Given data section start
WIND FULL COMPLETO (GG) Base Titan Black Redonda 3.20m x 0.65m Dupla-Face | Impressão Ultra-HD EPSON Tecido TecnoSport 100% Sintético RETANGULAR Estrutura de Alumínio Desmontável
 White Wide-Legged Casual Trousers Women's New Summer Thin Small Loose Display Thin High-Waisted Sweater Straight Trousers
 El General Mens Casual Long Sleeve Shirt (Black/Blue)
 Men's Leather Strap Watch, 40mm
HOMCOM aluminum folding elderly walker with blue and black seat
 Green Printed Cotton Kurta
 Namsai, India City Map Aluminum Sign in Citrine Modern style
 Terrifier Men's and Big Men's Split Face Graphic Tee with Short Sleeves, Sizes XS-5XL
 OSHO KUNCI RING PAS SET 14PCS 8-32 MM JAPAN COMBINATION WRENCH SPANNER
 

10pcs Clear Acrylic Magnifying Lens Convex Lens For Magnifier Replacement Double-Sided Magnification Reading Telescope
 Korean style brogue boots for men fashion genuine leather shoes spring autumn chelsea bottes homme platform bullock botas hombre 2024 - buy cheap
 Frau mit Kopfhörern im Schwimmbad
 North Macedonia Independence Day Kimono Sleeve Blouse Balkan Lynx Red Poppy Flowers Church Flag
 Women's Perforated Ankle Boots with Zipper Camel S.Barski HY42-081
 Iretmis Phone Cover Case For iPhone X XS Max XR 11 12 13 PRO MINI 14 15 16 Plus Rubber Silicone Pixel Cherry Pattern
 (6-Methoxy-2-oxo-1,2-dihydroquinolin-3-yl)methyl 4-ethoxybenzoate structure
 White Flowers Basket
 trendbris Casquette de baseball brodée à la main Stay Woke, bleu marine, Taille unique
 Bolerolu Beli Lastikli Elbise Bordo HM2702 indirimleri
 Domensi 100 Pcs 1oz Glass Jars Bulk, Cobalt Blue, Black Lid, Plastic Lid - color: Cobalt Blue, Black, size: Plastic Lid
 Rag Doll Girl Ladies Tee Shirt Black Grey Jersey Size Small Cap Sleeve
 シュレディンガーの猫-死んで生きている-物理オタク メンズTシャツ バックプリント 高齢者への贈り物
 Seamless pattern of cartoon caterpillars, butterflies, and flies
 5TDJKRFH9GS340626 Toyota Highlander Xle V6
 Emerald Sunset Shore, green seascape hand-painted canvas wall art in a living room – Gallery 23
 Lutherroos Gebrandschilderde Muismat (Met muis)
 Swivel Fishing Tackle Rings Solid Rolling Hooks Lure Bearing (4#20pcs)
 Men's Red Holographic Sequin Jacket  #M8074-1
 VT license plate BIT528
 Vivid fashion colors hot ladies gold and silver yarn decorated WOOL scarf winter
Given data section end
#### Exercise objective:
Among the lines above, return those that hold the word "Face".

#### Task output:
WIND FULL COMPLETO (GG) Base Titan Black Redonda 3.20m x 0.65m Dupla-Face | Impressão Ultra-HD EPSON Tecido TecnoSport 100% Sintético RETANGULAR Estrutura de Alumínio Desmontável
 Terrifier Men's and Big Men's Split Face Graphic Tee with Short Sleeves, Sizes XS-5XL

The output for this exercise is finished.